Source: Pacific Northwest National Laboratory   Story by JoAnna Wendel

Link: https://www.pnnl.gov/news-media/researchers-explore-biomining-seaweed-critical-minerals

• Pacific Northwest National Laboratory researchers are exploring seaweed as a sustainable source of rare earth elements and other critical minerals like nickel, cobalt, and dysprosium.

• Seaweed naturally bioaccumulates minerals from seawater—sometimes at concentrations over a million times higher than the surrounding water.

• Different seaweed species have the ability to concentrate different minerals:
  • Fucus (brown seaweed) is rich in nickel.
  • Ulva (sea lettuce) excels at accumulating rare earth elements.

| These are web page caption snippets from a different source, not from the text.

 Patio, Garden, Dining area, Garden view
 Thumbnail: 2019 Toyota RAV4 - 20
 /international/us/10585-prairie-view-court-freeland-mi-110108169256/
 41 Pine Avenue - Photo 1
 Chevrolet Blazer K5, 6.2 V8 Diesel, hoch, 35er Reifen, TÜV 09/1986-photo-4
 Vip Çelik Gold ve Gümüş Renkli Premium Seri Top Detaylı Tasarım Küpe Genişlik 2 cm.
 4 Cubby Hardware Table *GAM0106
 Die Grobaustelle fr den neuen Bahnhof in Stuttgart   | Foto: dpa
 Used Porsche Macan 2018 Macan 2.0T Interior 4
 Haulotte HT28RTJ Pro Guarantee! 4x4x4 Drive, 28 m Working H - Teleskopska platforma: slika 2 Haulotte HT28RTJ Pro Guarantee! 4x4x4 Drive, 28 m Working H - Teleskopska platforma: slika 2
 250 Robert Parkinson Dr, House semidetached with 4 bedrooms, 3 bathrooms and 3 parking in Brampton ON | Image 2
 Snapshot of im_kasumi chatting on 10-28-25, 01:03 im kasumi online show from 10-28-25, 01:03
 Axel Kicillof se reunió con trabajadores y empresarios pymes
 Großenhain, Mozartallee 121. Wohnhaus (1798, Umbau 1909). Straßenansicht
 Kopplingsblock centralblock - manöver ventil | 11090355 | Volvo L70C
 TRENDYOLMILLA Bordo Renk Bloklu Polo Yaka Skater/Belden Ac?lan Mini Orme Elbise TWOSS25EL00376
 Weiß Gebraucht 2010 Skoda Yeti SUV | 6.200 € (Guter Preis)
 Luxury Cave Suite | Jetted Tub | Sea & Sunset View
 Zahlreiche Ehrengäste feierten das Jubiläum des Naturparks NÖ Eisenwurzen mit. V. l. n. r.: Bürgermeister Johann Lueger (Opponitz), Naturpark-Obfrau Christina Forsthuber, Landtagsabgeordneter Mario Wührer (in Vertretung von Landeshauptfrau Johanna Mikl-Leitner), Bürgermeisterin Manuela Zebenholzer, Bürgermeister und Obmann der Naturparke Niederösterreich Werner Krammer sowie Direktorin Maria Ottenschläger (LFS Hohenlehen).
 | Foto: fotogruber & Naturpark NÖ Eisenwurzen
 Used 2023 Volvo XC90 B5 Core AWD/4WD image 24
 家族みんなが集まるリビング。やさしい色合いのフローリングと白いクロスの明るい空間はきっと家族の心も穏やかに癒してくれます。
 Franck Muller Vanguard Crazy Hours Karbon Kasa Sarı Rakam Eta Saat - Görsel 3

• Researchers grow seaweed in controlled lab conditions using seawater from Sequim Bay, Washington.

• Seaweed is ground into a paste and mixed with acidic liquids (lixiviants) to release minerals.

• Heat and pH adjustments help break chemical bonds and extract the minerals.

• The goal is to recover at least 50% of the mineral content from the biomass.

• Seaweed grows quickly, doesn’t require freshwater, and the leftover biomass can be repurposed for biofuels, plastics, or adhesives.

• Researchers are testing cost-effective methods, including using waste acids from other processes.

• The diversity of seaweed species allows for tailored mineral harvesting based on evolving technological needs.

• Biomining could offer a domestic, eco-friendly alternative to traditional mining.